Voici des extraits de lettres écrites par LEAUTIER, de Paris entre les 17 mai et 15 juillet 1792 à M. FARNAUD, visiteur des rôles de patentes à Gap (Hautes Alpes) :
17 mai. Nouvelles des frontières et des armées : désertions, mouvements de retraite, départ de LUCKNER pour Valenciennes, mouvements en Autriche et en Prusse, l'armée des émigrés ; fausses rumeurs, cherté des vivres, etc.
22 juin. Les partisans de « la tranquilité, la paix et l'harmonie sont indignés d'avoir vu en ce jour la loi violée et un de ces chefs et sa famille le jouet d'un peuple que l'égarement ou la séduction a égaré. En effet que doit-on penser d'une foule immense qui à main armée se porte, malgré la résistance et les observations de la Garde nationale, dans les appartemens du Roi, lui présente deux cocardes une blanche et l'autre tricolore et lui demande s'il veut être Roi des français ou de Coblentz, qui lui demande la sanction du décret sur les prêtres », etc., exigeant de lui une réponse prompte. Après un violent débat, l'Assemblée a décrété de défendre « à tout pétitionnaire armé l'entrée de la salle de l'assemblée », et a rendu publique la lettre que Louis XVI a adressée à l'Assemblée suite aux événements, ici retranscrite en partie…

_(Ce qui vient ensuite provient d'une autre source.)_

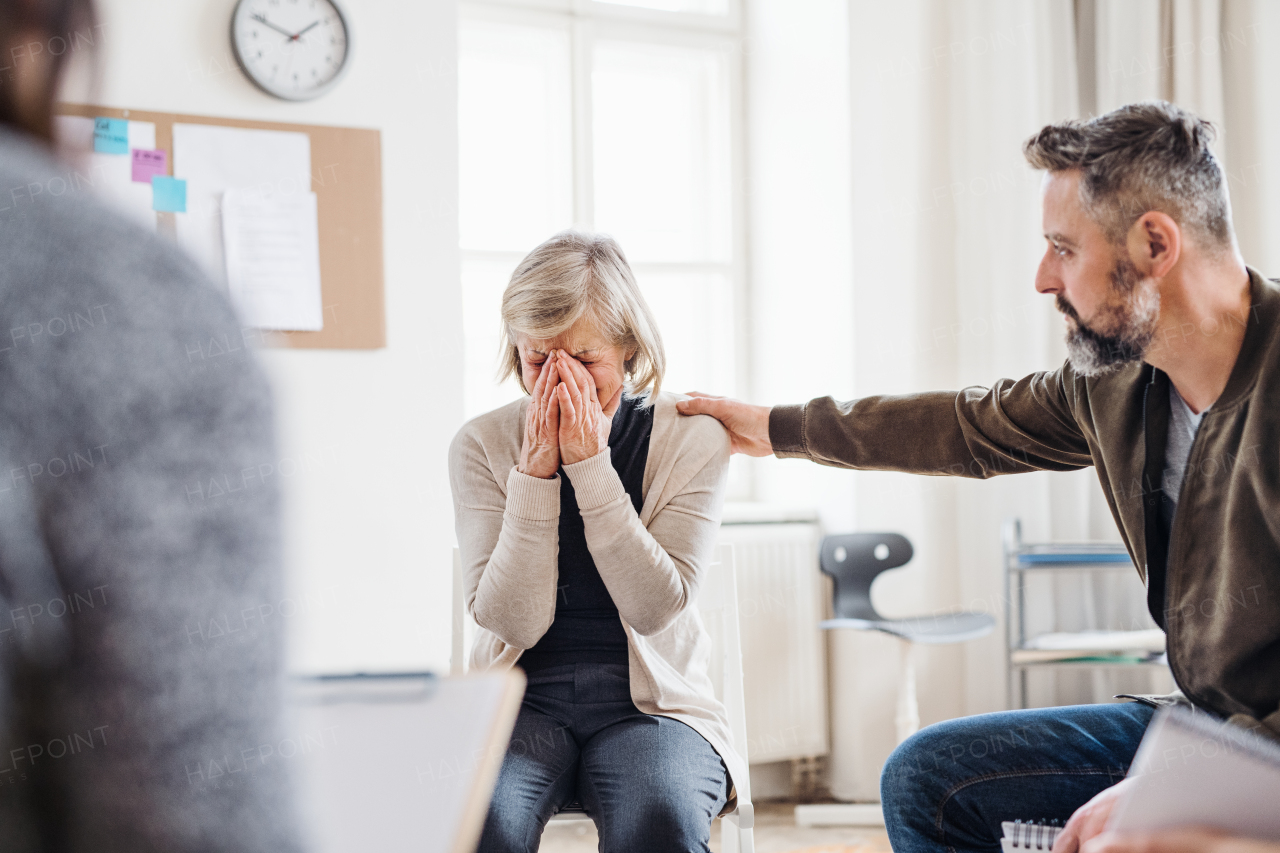 A senior depressed woman crying during group therapy, other people comforting her.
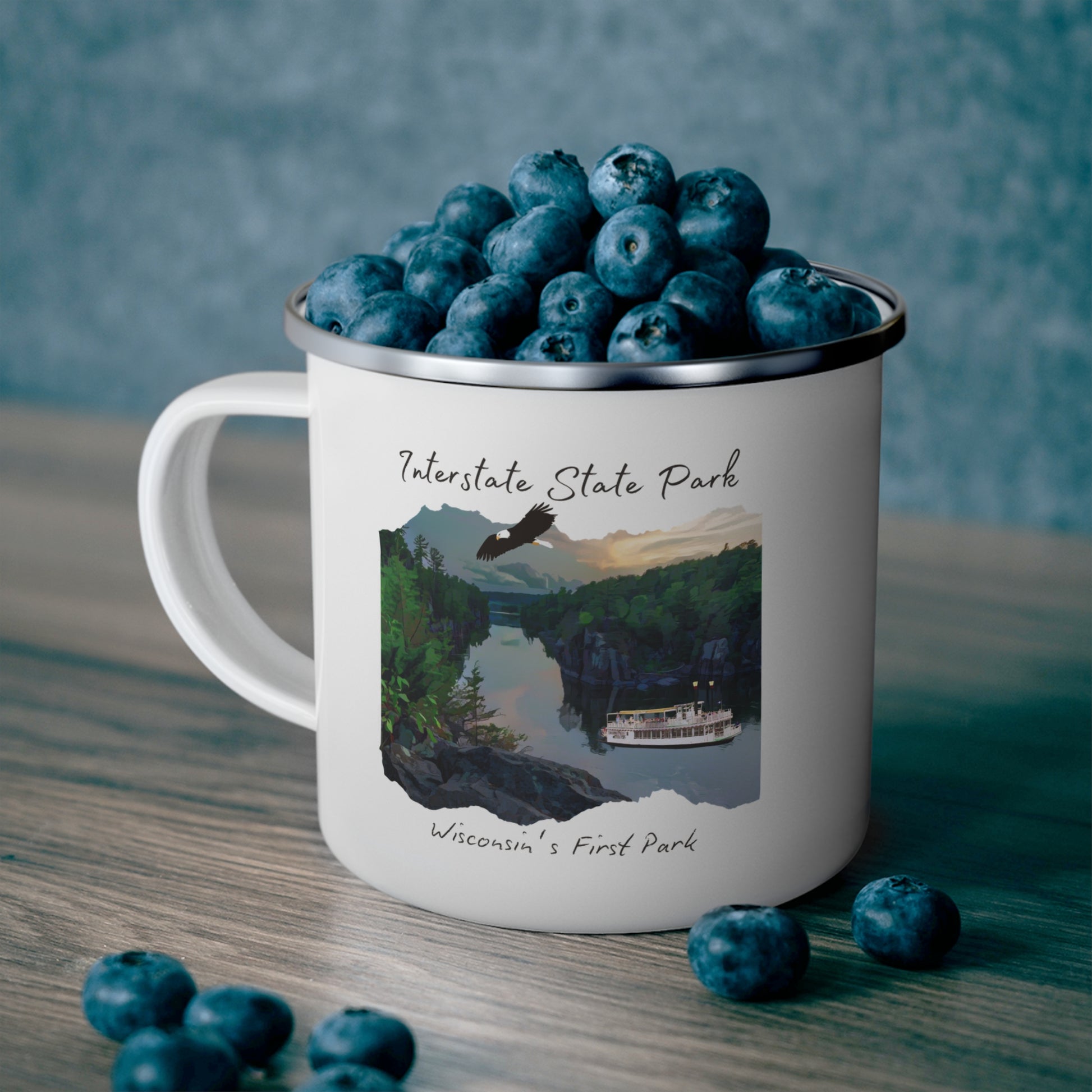 White enamel mug depicting the St Croix River at sunset with an eagle flying above and a paddle wheel boat on the river.  Photo background: mug sitting on a shelf full of blueberries.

8 juillet. Annonce de la suspension du Maire de Paris PETION et celle du procureur de la Commune ; l'esprit public ; discussions à l'Assemblée ; formation d'une armée contre-révolutionnaire dans les Cévennes…
13 juillet. Instabilité du gouvernement. Partagée entre la crainte et la joie, la capitale offre un spectacle très contrasté : « on attend le jour de demain les uns comme un jour de mort, les autres comme un jour de triomphe ». L'Assemblée a déclaré « la patrie en danger » ; séance scandaleuse à l'Assemblée, « au sujet d'une pétition présidée par le fameux Robesp. qui n'ayant pas été admis a été le signal d'une révolte ouverte des tribunes publiques contre les députés qui s'étaient opposés à l'admission ». PETION a été réintégré…
15 juillet. « Jour anniversaire de la Liberté » : « La sérénité d'un beau ciel ajoutait à la beauté de la fête » : les Fédérés se sont unis aux légions parisiennes et aux troupes de lignes près du « terrein de la Bastille démolie », puis 60 députés sont venus assister « à la pose de la première pierre d'une colonne nationale qu'on élève au milieu du terrein. Le cortège a commencé à défiler à près de dix heures et ce n'est qu'à près de six heures qu'il a été rendu au Champ de la Fédération. Il était composé d'abord d'un corps de cavalerie qui ouvrait la marche », puis de musiciens et de tambours, suivis de très nombreux bataillons de Paris, Versailles, etc., et de « plusieurs corps de citoyens à piques, d'un grand nombre de citoyennes en blanc à ceinture tricolore ». Tous les corps de justice, les municipalités, etc. « rendaient la fête imposante. Les troupes de lignes, précédées et suivies de leur musique, venaient après », puis gendarmes, gardes nationaux, etc… « Le faux-bourg de gloire, ci-devant St Antoine, marchait en grand nombre mêlé de musique et femmes d'enfants et de vieillards, une presse était au milieu d'eux (ils rédigent depuis peu un journal). Des enfants vêtus à la romaine portaient une cassolette où brûlait un encens continuel ; les statues de Franklin, de Rousseau, de Voltaire de Mirabeau étaient portées par des hommes vêtus uniformément et à bonnet rouge ».